• **WHAT THE TASK ASKS**: Copy the lines below, please, starting with the one that contains "Hello guys and" and ending with the last. Pictures stay out.

----- DATA SEGMENT

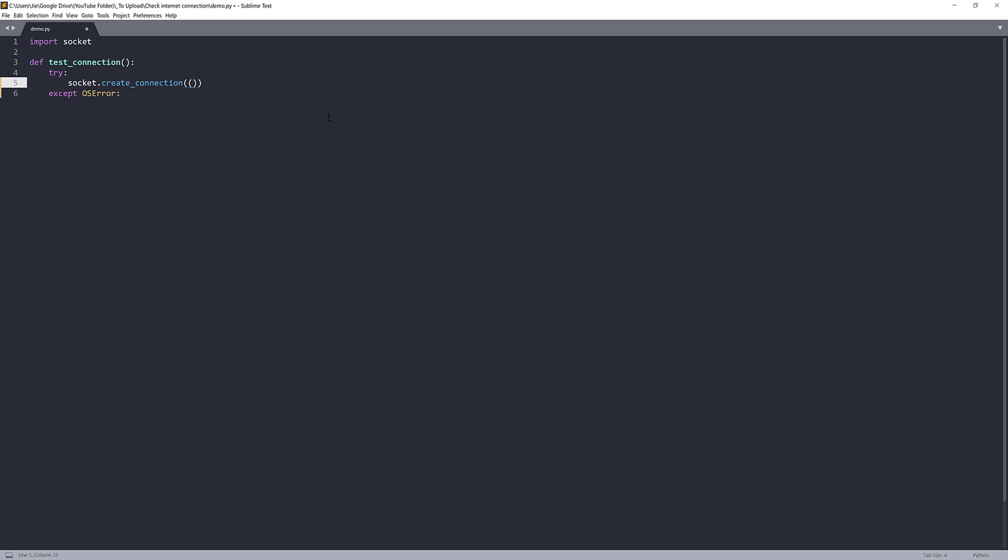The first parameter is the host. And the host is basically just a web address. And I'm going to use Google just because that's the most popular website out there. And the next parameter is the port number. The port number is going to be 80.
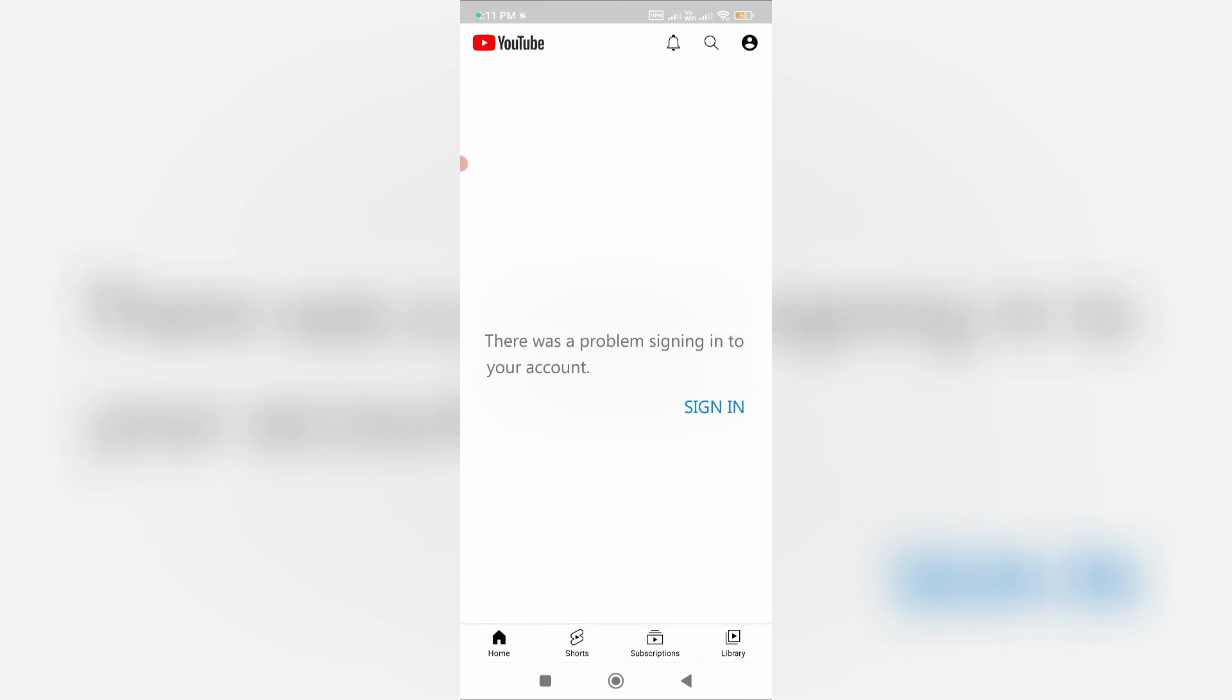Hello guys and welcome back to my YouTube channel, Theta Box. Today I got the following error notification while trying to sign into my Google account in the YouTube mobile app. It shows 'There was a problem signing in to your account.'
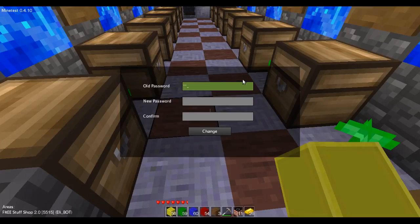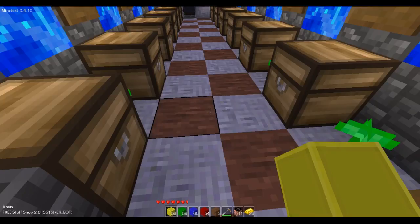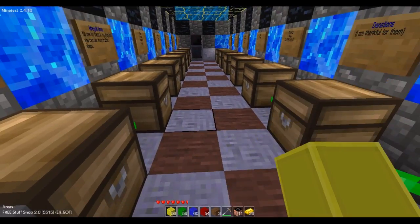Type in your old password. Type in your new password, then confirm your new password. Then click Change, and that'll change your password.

----------

• **TASK RESULT**:
Hello guys and welcome back to my YouTube channel, Theta Box. Today I got the following error notification while trying to sign into my Google account in the YouTube mobile app. It shows 'There was a problem signing in to your account.'
Type in your old password. Type in your new password, then confirm your new password. Then click Change, and that'll change your password.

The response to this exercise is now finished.